We should organise the folders in the catalogue to avoid total chaos. Here is a straw proposal for a top level layout:

 MC

   DC2
   Service Challenge
      Gleam
     Obssim
  Pass5 (question)
   BeamtTest
  User
  Test

 Data

   ETE
     1
     2 etc
   Flight
   I&T
   Test

Questions

  • how do we specify data reprocessings? Or MC for that matter.
  • No labels

4 Comments

  1. From Tom:

    Seems fine to me.  The current scheme organizes data under "Service Challenge" by task name, something which makes sense
    to me but perhaps not to Joe User.  Can there not also be aliases?  If so, then we could have a parallel scheme, one
    which was meaningful to pipeline task operators, and another by project and/or physics category intended for the
    collaboration at large. For example, there will likely be many more ServiceChallenge sponsored tasks than most users
    will ever be interested in, e.g., old v9r20 data.  I would like to retain the task name as part of the organization if
    possible - and am not certain the "Gleam" - "Obssim" separation would be needed in that view.

       - Tom

  2.  From Anders:

         Hmmm .... I'm not sure we want reprocessings at the (near) top
    level. It would more be suitable at the run/file level.

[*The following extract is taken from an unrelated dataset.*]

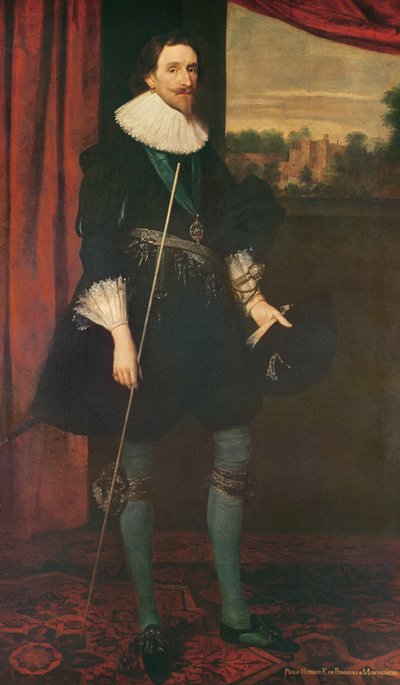 Filip, 4. hrabia Pembroke autorstwa Daniel Mytens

         In general I prefer to minimize the number of top levels, but
    maybe we should split LCI and Physics i.e. Fligh/LCI, Fligh/Physics (and
    maybe add a Flight/LEO)?

    anders

  3. I have a few comments on the  folders in MC. I think that service challenge may not be a good identifier (because it will cut across a few versions of the CT analysis). Maybe something like:

     MC
       LAT (in orbit)
          pass3/DC2
               AllGamma
               Bkg
               Sky
                      Gleam
                      Obssim
               ...
          pass4/handoff
               AllGamma
               Bkg
               Sky
                    Gleam
                    Obssim
               ...
          pass5/SC/final?
               AllGamma
               Bkg
               Sky
                   Gleam
                   Obssim
               ...
          BeamTest
          I&T (if we still have some)
          User
          Test

    The disadvantage of this is that a given task will move from pass4 to pass5 when we reprocess with the new classification trees. It would also give us obsolete branches (pass3/DC2 and pass4/handoff) at the top level which would not be great. However, this has the advantage of clearly collecting together datasets which have a high chance of playing well together (Service challenge would otherwise be a mix of pass4 and pass5). Pass3/pass4/pass5 all correspond to a labeled set of IRFs so make sense for collecting obssim runs too.

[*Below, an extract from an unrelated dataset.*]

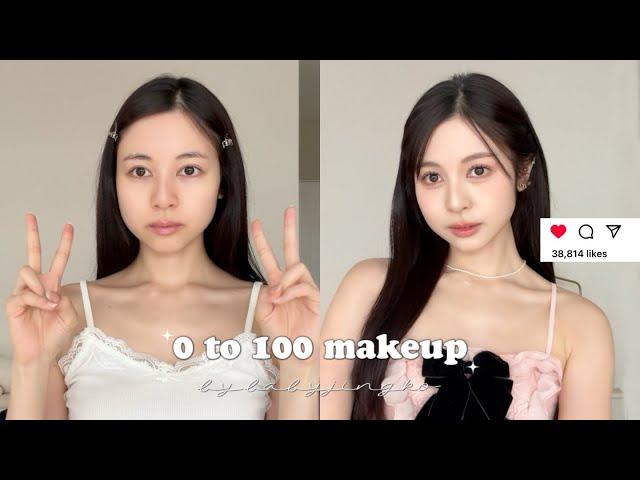  FROM 0-100 MAKEUP TUTORIAL. true beauty vibes | Babyjingko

    I don't have any suggestions at the moment for the DATA tree. 

  4. In general I think we should try to arrange folders from a user-centric point of view, i.e. making sure it is obvious to the user which top level folder the data they are looking for will be in is probably more important than making it obvious to the data producer. So items like Service Challenge/DC2, Gleam/Obssim all seem to make sense. (Or perhaps something like full simulation/fast simulation – will end users necessarily know what gleam is?) For MC running task name is an obvious component of the path name, although I would think it should come below the Gleam/Obssim level (and thus may be repeated). For real data I doubt that task name will be an important part of the path.

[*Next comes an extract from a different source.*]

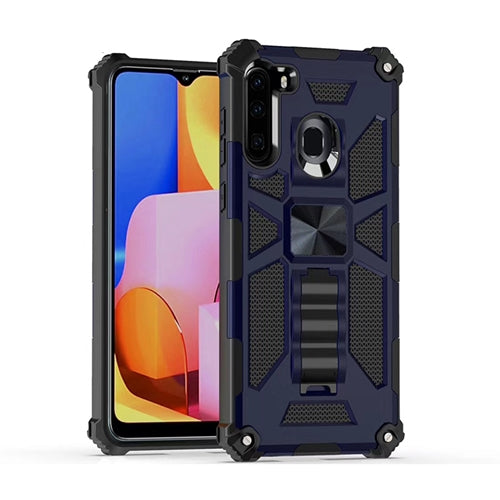 Rugged & Tough Case Samsung A21 with Kickstand - Blue 1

    We are developing tools which should make it easy to move folders around, especially at the top-level, so the organization does not have to be fixed for all time. So right now ETEn is important and should live near the top, but in a years time it can be moved further down. It is not possible right now to have the same file/dataset appear in two different places in the tree, but I have been discussing with Dan how to add this, so I think it will appear later.